The idea of shame is a strange one. Traditionally, shame was usually associated with an uncomfortable and unpleasant feeling of guilt because of our own – or someone else’s – bad behaviour. The behaviour made you feel ashamed. In this sense, I know that I’m not alone in feeling a deep sense of shame when I see the appalling behaviour of English football hooligans during international tournaments. At times like that, I feel ashamed to be English, even though it’s not really anything directly to do with me. In some cultures – like Japan – where public figures still care deeply about the way they’re perceived and where losing face is a serious matter, politicians who have been caught doing wrong sometimes end up committing suicide – killing themselves – because the shame of the sexual or financial scandal they’re caught up in is so great.
Arguably, in the UK, the idea of feeling a personal sense of shame for your actions is not as strong as it is in many other parts of the world. Indeed, we often say how refreshing it is when celebrities talk openly about mistakes they’ve made without any sense of shame. Instead of endlessly apologising and saying what an awful person they used to be and how they’ve changed now, and so on, they simply admit to having messed up and basically say So what? I’m only human! Anyone in my situation could’ve done the same thing.
In some parts of the world, the way women in particular behave is seen as being something that can potentially cause huge problems. You may have heard of so-called honour killings, where male members of a family actually murder female relatives – sometimes daughters or sisters – because they’ve had sex outside marriage or possibly even just been seen with a boy the family doesn’t approve of. This is believed to bring shame on the family – and the ‘honour’ of the family can then only be restored by an act of brutal violence! It’s a sick and twisted idea of honour, it really is!

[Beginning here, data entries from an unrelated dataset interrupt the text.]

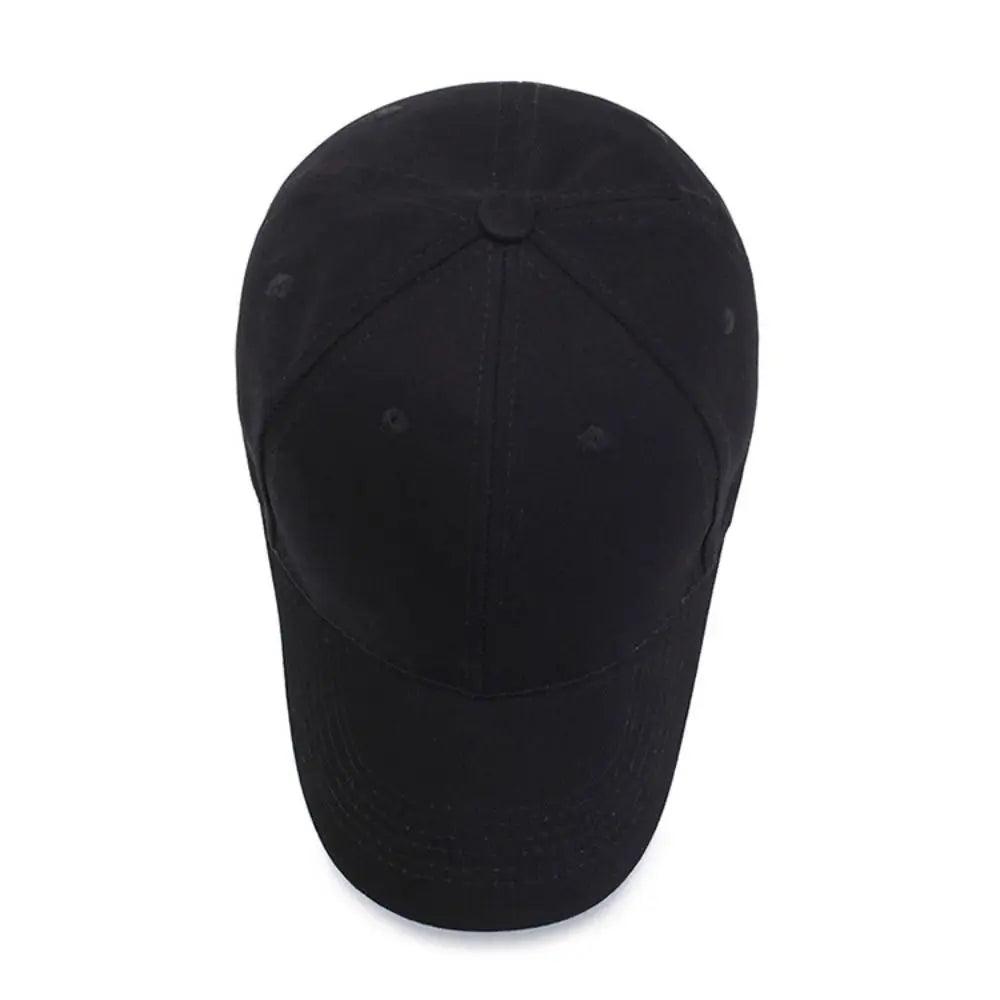 Baseball Caps Black for Mens Women Sports Cap Adjustable Cotton Baseball Cap Casual Summer Hat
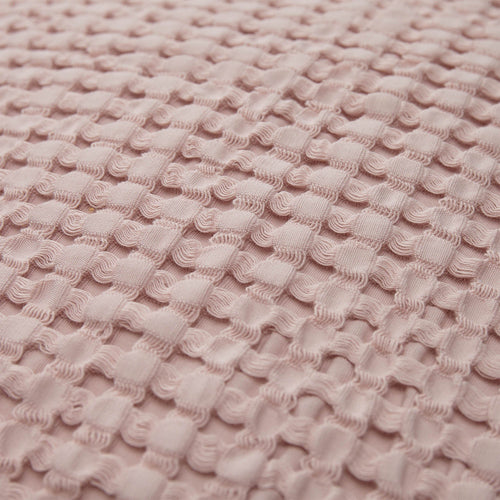 Veiros cushion cover, powder pink, 100% cotton |High quality homewares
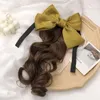 Lot JK ​​Korean Ponytail Bobby Pin Wave Long Wig Big Stain Hair Bows With Clips Fashion School Girl Accessories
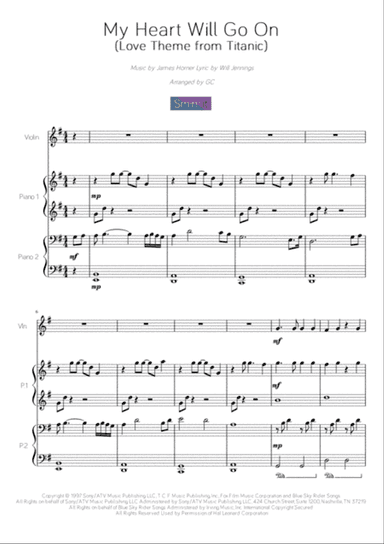 My Heart Will Go On (Love Theme from Titanic)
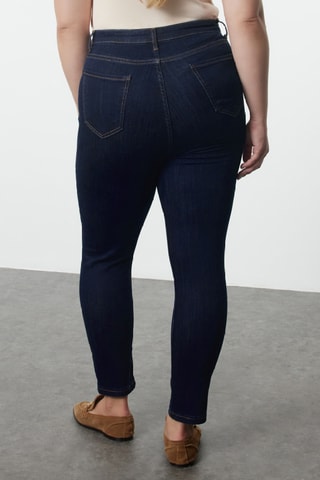 Vaquero skinny fit de tiro alto - Azul oscuro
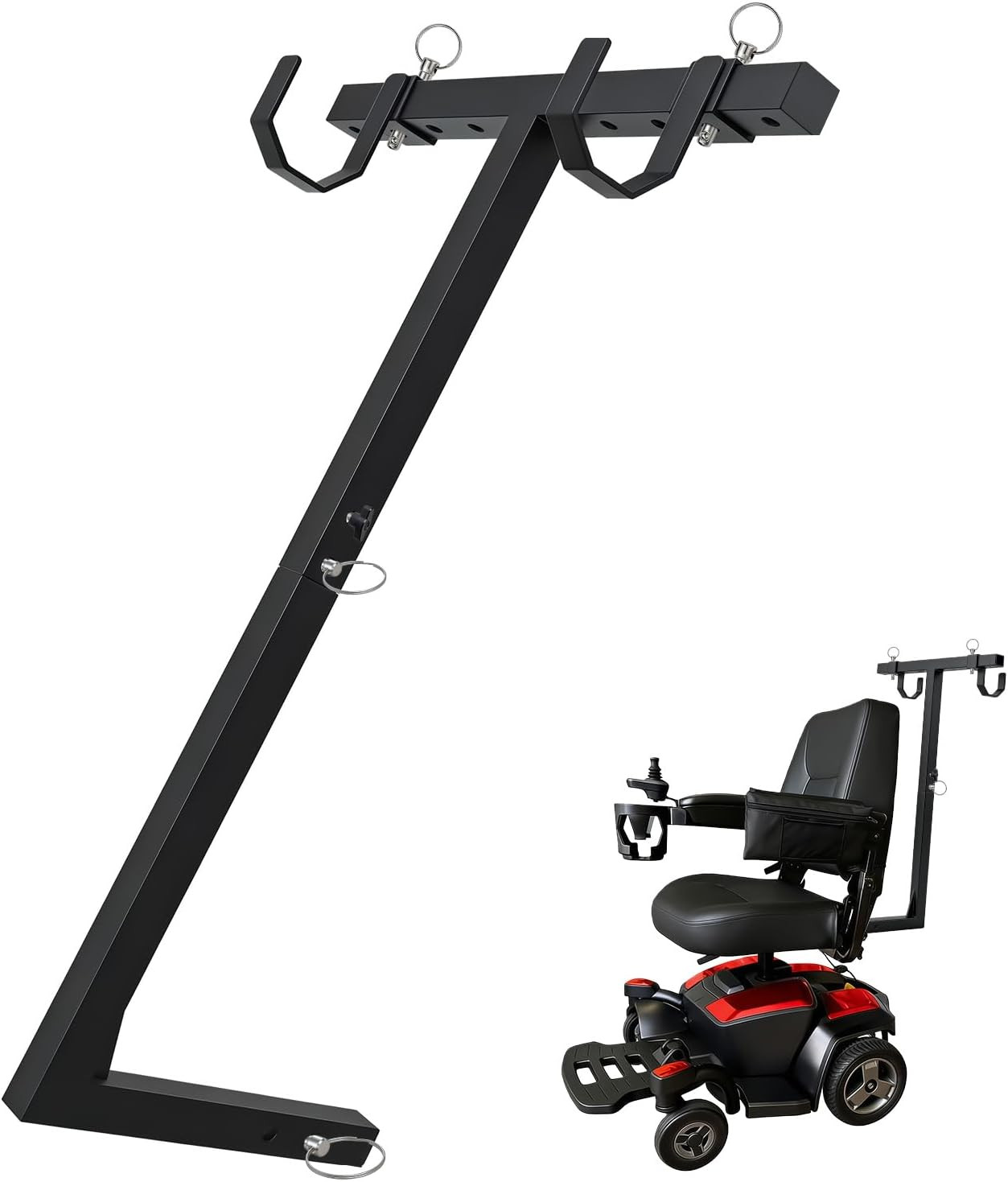 Universal Walker Holder for Mobility Scooters, Compatible with Pride Mobility &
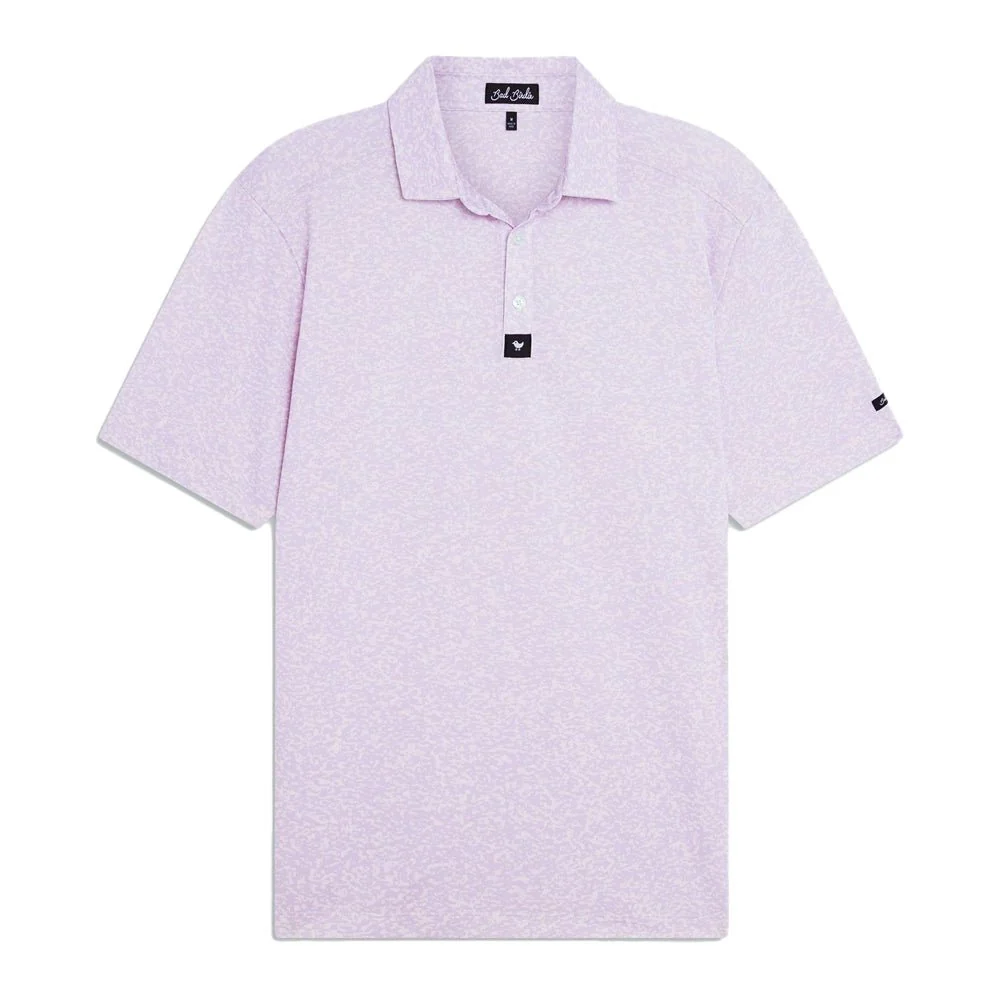 Bad Birdie Abyss Purple Pique Golf Polo
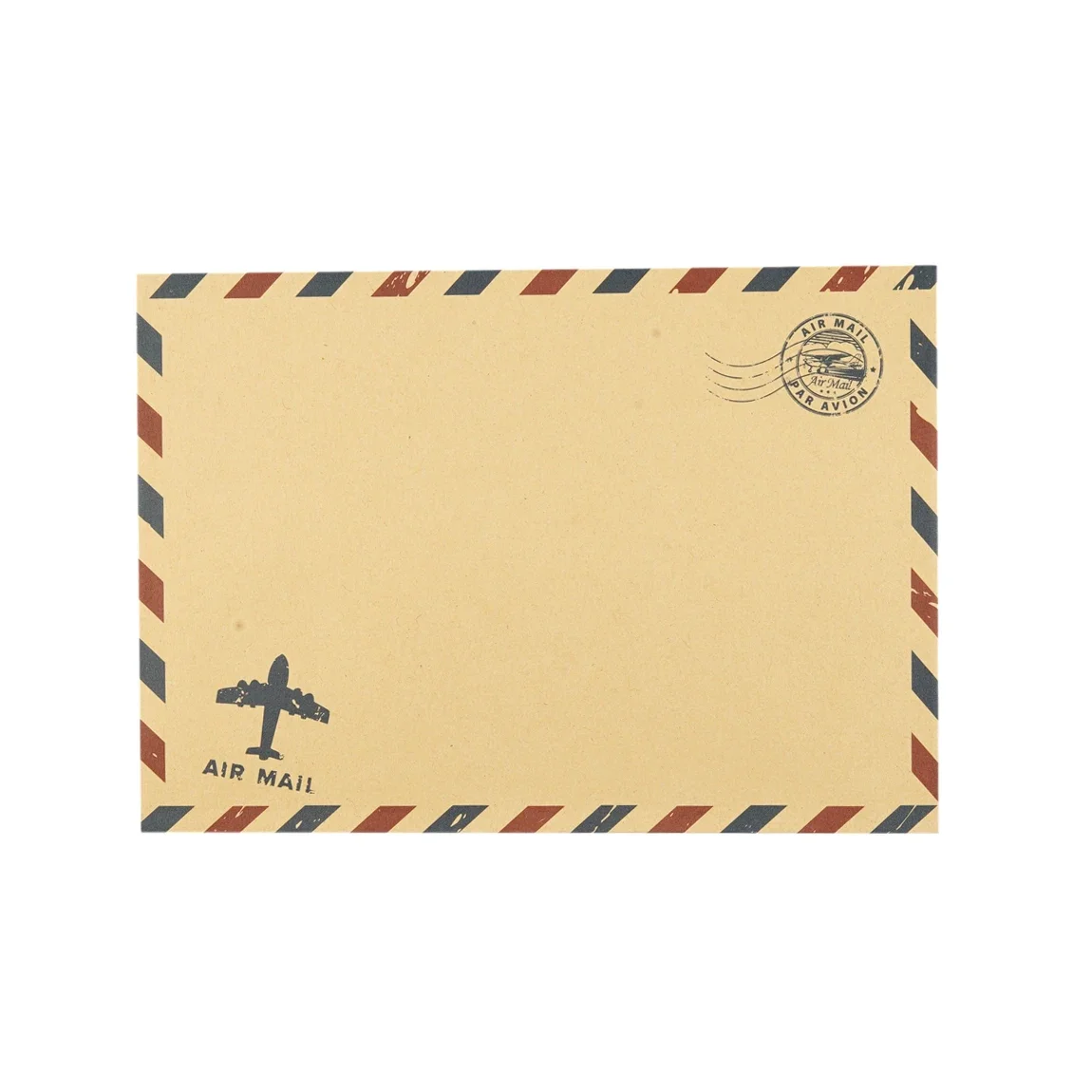 Kraft Paper Air Mail Envelopes,Wedding Invitation Envelopes, Vintage Airmail Packing Bags 10Pcs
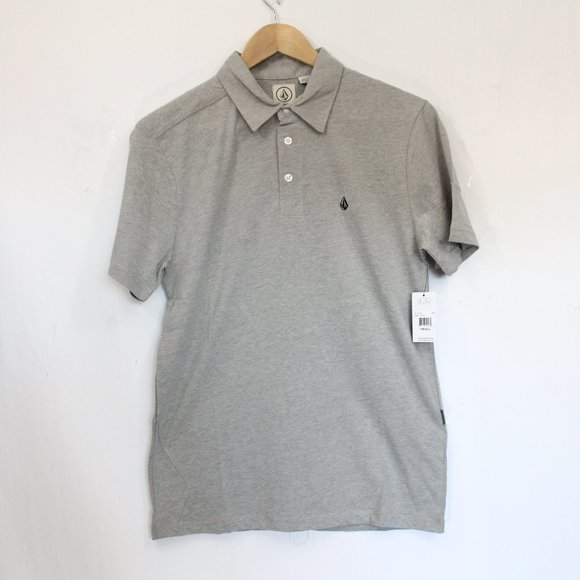 Volcom Banger Polo Shirt NEW Mens Short Sleeve Top Small - Picture 5 of 9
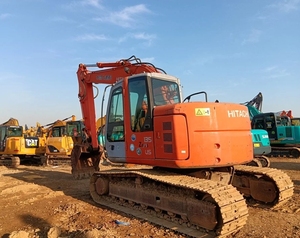 รถขุดตีนตะขาบฮิตาชิ135 มือสอง 14 ตัน บุ้งกี๋ 0.5 ลบ.ม. ของแท้จากญี่ปุ่น รถขุดก่อสร้างขนาดกลาง ชั่วโมงการใช้งานต่ำ สภาพดี - Product Image 4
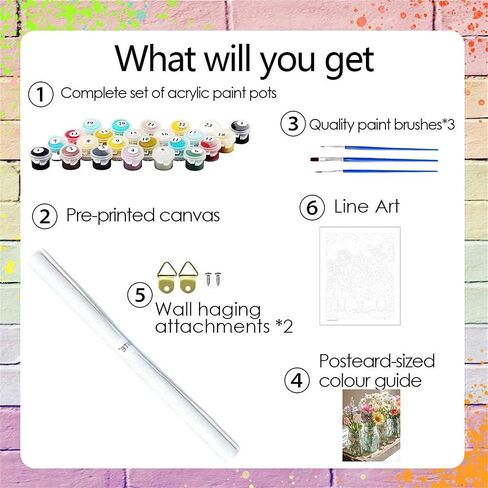 Adult Paint by Number Kits,The Theme of The Snow Mountain Gorge, Relaxing DIY Paint by Numbers kit for Adults,Acrylic Painting for Gift Home Wall Decor (16×20in) in Saudi Arabia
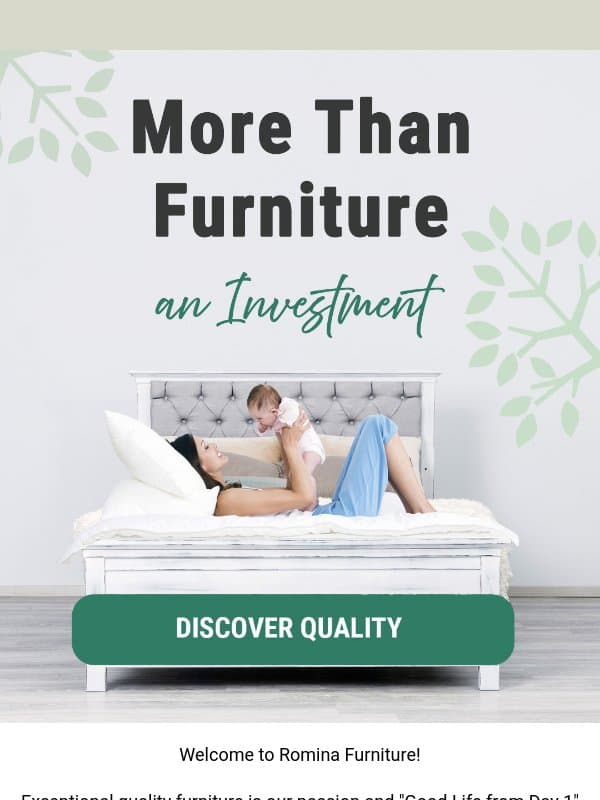 Welcome to Romina Furniture 💚 email from Romina Furniture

One common phrase that shows how far removed from such notions of shame we generally are today is shame on you. In its literal sense, it’s a phrase used to tell people that they should be ashamed of themselves, that they should feel bad and sorry for what they’ve done, but far more often it’s used in a jokey way – often in classrooms! For instance, you ask students to get their homework out so you can check it and one student sheepishly admits that they’ve left their book at home . . . . and didn’t have time to do the homework anyway! Shame on you! you declare in mock outraged tones! Or students are discussing what they do outside of class, and someone says they never read anything in English if they can help it . . . Shame on you! How are you ever going to get any better? you enquire.
- Do you ever feel ashamed to be the nationality you are? If yes, when? Why?
- Have you ever done anything you were incredibly ashamed of afterwards?
- Is the idea of bringing shame on the family common in your country? How do you feel about it?
- Can you think of any times you could’ve said Shame on you to someone you know?